“Countless people from across Leeds were left horrified on Monday night when a blue plaque to commemorate David Oluwale was ripped from its city centre location in Leeds just hours after being unveiled in what police have deemed a hate crime.
Yet in another cruel twist, a temporary replacement plaque installed just yesterday has now also been damaged, leaving residents fuming over the callous and cowardly act.”
We often hear how the police are ‘too busy’ to visit homes after a burglary, instead they just ring the victim days later to give them a crime number to pass-on to their insurers. Minor assaults and criminal damage are often dealt with in the same way. Yet a news story this week regarding minor theft and vandalism has been the focus of much media hysteria and led the police to launch a ‘hate crime’ investigation.
The incident that has got the right-on brigade and plod into such a tizzy involves the theft of a blue metal plaque on Leeds bridge, and shows just how ridiculous hate crime laws in this country have become. The main plaques are cast aluminium 18 inches in diameter with lettering in relief.
They are usually fixed to old buildings or places where someone or something significant took place. For instance there is a blue plaque on the wall of the East Bar (east entrance to Leeds), or to famous historic figures who lived in Leeds.
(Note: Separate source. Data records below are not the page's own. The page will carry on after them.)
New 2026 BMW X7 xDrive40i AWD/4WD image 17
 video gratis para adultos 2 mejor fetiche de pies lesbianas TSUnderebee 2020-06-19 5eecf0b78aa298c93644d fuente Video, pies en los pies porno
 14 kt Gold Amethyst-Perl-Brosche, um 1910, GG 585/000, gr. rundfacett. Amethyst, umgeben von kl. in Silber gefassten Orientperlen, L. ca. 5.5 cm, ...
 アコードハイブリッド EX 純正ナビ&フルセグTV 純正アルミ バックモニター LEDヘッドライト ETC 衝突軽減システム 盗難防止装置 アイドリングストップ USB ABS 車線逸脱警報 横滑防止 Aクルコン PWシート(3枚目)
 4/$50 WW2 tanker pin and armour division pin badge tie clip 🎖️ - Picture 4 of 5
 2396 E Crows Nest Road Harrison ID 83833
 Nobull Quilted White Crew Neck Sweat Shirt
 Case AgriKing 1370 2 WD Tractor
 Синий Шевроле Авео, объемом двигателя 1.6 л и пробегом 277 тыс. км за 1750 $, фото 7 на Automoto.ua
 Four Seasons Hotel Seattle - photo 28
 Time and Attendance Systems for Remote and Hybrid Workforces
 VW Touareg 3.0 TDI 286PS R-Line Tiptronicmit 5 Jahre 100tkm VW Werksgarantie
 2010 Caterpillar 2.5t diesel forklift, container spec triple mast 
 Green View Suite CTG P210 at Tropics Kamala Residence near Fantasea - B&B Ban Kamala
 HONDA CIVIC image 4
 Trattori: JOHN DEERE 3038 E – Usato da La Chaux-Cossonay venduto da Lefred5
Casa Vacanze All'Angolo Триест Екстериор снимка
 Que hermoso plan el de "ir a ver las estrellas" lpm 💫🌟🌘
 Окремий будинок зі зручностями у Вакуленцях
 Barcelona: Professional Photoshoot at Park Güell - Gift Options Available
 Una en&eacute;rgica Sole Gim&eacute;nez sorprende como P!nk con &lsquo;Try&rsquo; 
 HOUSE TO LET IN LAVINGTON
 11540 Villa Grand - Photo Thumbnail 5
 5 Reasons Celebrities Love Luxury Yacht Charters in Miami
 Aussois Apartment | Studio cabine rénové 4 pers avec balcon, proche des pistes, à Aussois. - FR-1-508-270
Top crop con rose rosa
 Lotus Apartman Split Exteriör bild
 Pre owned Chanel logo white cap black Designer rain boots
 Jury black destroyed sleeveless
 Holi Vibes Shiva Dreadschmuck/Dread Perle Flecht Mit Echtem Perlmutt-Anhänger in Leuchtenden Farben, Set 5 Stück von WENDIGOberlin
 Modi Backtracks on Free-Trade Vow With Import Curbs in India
This particular plaque followed the dedication of a new bridge, now named the David Oluwale bridge, which was recently lowered into place across the River Aire. The original commemorative plaque had been unveiled by Leeds Civic Trust last Monday, in memory of David Oluwale, who first moved to Leeds from Nigeria in 1949.
It was unveiled on April 25, 2022 during a special ceremony organised by Leeds Civic Trust and attended by the great-and-good of Leeds. However within a matter of hours, it had been ripped from the wall with a crowbar, and presumably tossed into the murky depths of the River Aire, along with the usual shopping trolleys and other rubbish. A temporary replacement David Oluwale plaque was ordered and installed on Leeds bridge. This plaque was ripped in half just hours after being installed.
So who was David Oluwale?
Oluwale was born in Lagos, Nigeria in 1930. In August 1949, at the age of 19, he had hidden on board SS Temple Bar, a cargo ship headed for Hull. He was arrested on docking at Hull and served 28 days in Armley Gaol after being charged as a stowaway under the Merchant Shipping Act. He was not deported as he had British passport.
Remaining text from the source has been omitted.